Blog Post

the politics of internet spectacle

A few days ago I attended the inaugural event of the Digital Media Studies Group at the CUNY Graduate Center. Gabriella Coleman is a cultural anthropologist whose work centers on various online subcultures. For example, in her recent paper, Code as Speech, she examines the cultivation of a legal discourse and expertise among free and open source software (F/OSS) developers, who over the past decade have built a legally persuasive argument for understanding programming code as speech rather than as intellectual property. Because freedom of speech is vigorously protected in liberal democracies, this is a strategic choice by F/OSS developers as well as an ideological one. More recently, Coleman has been studying what she terms the antipodal relations between the Church of Scientology and a certain subset of hackers who work in the tradition of anonymous on Project Chanology and 4chan as part of the protest movement against the practices of the church. In both of these projects she employs an ethnographic methodology  of deep hanging out, similar to the approach of danah boyd in her scholarship on youth sociality in new social media networks.

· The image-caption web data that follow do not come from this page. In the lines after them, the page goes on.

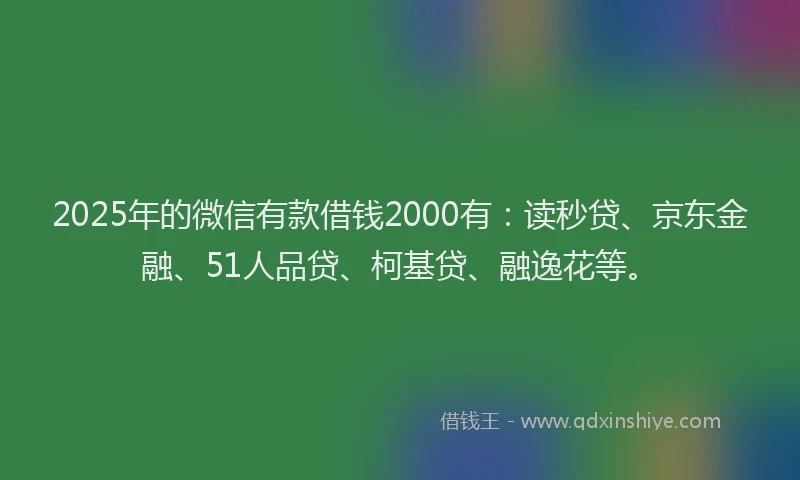 2025年的微信有款借钱2000有：读秒贷、京东金融、51人品贷、柯基贷、融逸花等。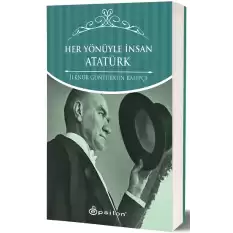 Her Yönüyle İnsan Atatürk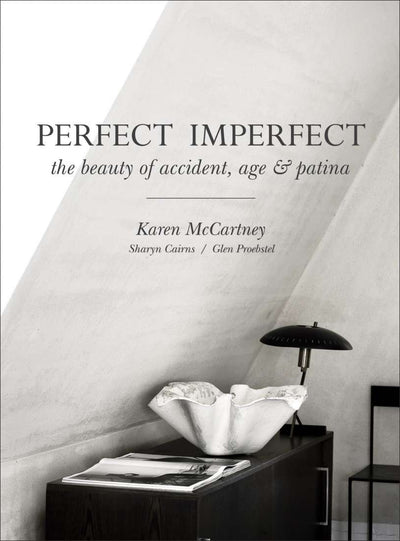 Perfectly Imperfectly: The Beauty of Accident, Age & Patina-Book-Print Books-Jade and May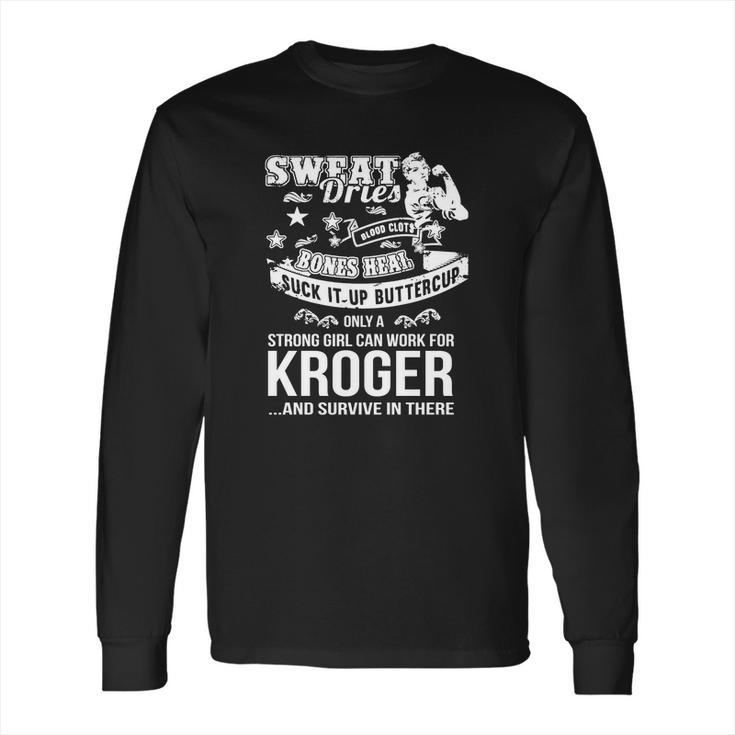 Kroger Worker Woman Only A Strong Girl Can Work For Kroger Long Sleeve T-Shirt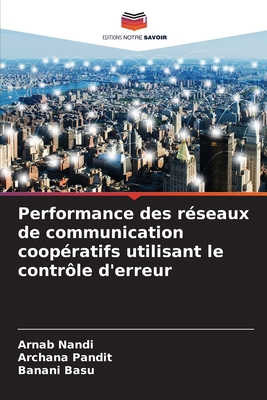 Performance des réseaux de communication coopér... [French] 6207966368 Book Cover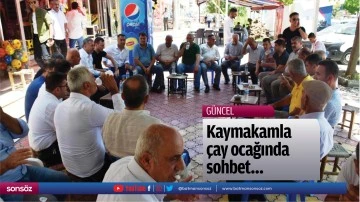 Kaymakamla &ccedil;ay ocağında sohbet&hellip;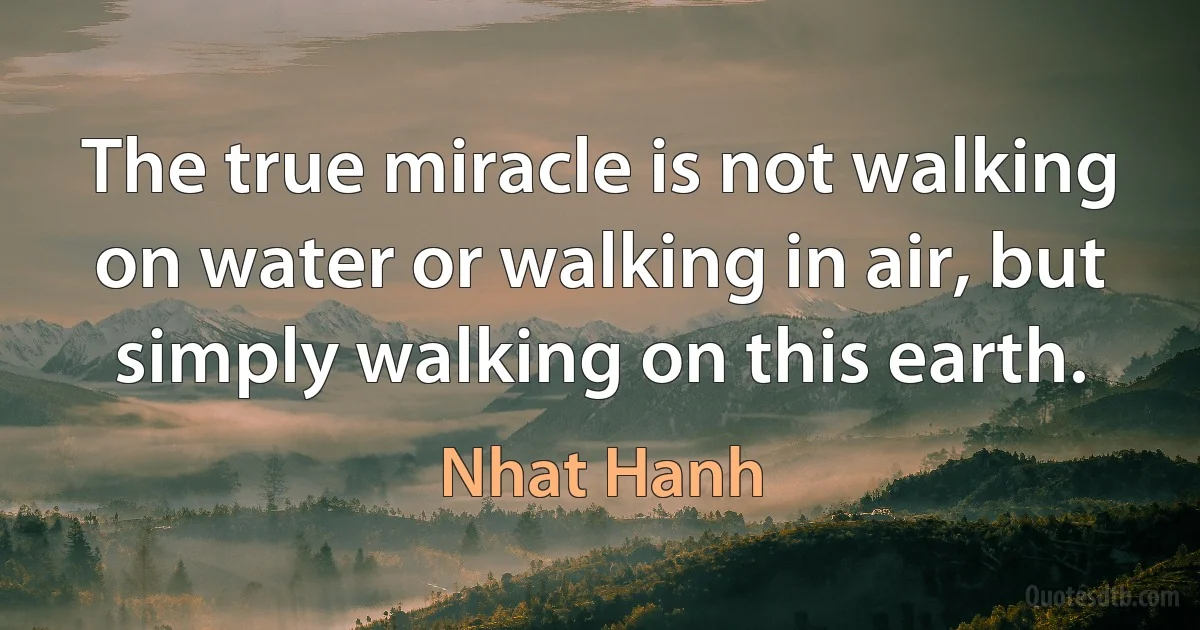 The true miracle is not walking on water or walking in air, but simply walking on this earth. (Nhat Hanh)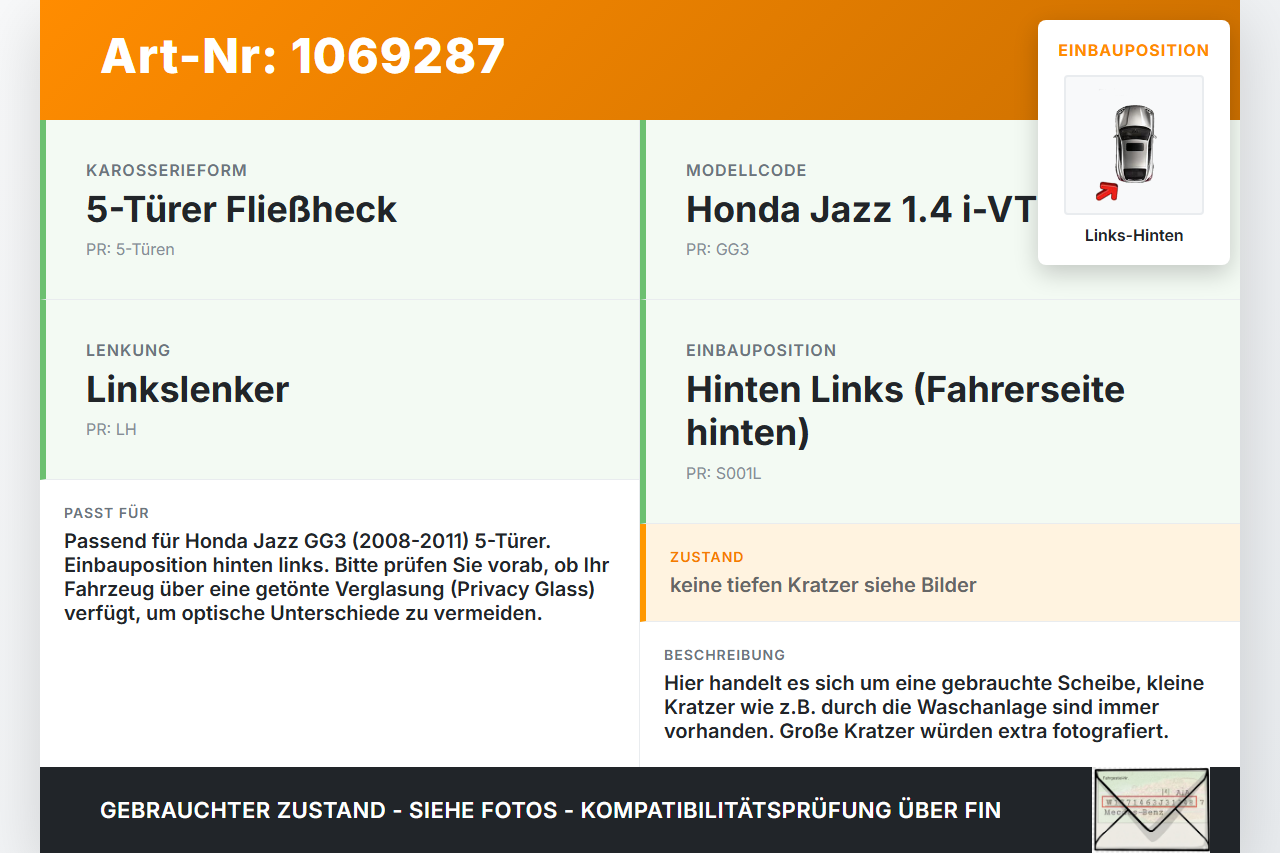 Honda Jazz GG3 08-11 Lim Seitenscheibe Scheibe Türscheibe Links Hinten Honda Jazz GG3 08-11 22.04.2009 gebraucht Vorschau 3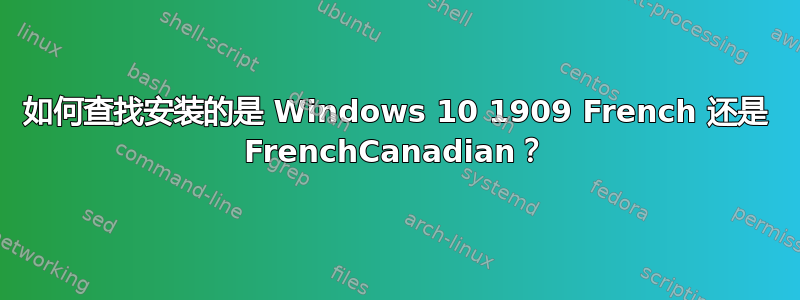 如何查找安装的是 Windows 10 1909 French 还是 FrenchCanadian？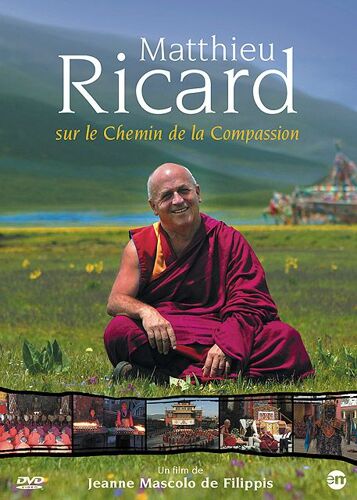 Matthieu Ricard : Sur Les Chemins De La Compassion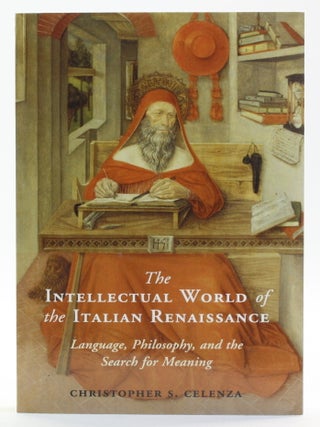 Item #513841 The Intellectual World of the Italian Renaissance. Christopher S. Celenza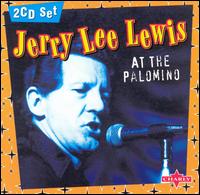 Jerry Lee Lewis - At the Palomino [live] lyrics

Coleman's talk touched on many of the issues that I have been occupying myself with lately, some of which are related to my current research and some of which are more in the domain of interstitial distractions. I thought I would use this space to toss out an idea that has been rolling around inside my brain, and this is about a certain cultural circuit that I think runs through the self-proclaimed lulz practices of some hackers and trolls, the disciplinary and authoritarian tactics of the Church of Scientology, and the conceptual work of lifestyle enactment in which pop artist Lady Gaga traffics. It seems to me that all three are mucking around in the politics of internet spectacle and are articulating identities based on the ideas of audaciousness and performativity and the idea of the right to self-proclaim ones own fame, perhaps the dirty underside of the neoliberal capitalist regime.

Watch The Fame here:

The Fame is a mashup of a handful of different songs from Lady Gaga's first album also entitled The Fame, a repackaging of sorts into a new genre of music video turned rock opera slash mock foreign film. At 0:56, in the transition from the first act to the second, Gaga wears sunglasses which are a creation of her bicoastal design team Haus of Gaga. The eye part of the sunglasses are made of repurposed ipods. These Haus of Gaga video glasses can play video that is loaded onto them, thus instantiating the message that pop music will never be low brow. This video depicts the logical end result of remix culture in a neoliberal capitalist regime in which pure vanity is rewarded and it is possible to enact an underground lifestyle and sell it.


Ethan Tussey, another HASTAC scholar, recently wrote a blog post about the idea of digitextuality in the American version of television show The Office, in relation to the episode about Jim and Pam's wedding. This episode features a sequence that harkens back to a certain internet meme, the JK Wedding Entrance video. Tussy uses this example to illustrate a certain discursive mode that has emerged and become ubiquitous through the medium of the internet and more specifically web 2.0 and the rise of networked social media. This discursive mode is characterized by the practice of repurposing technological content, forms and processes with the aim of reaching into specialized niche markets. The new texts that are created (the episode of The Office and Lady Gaga's narrative rock opera) rely on existing semiotic associations between commodities and audiences, or markets.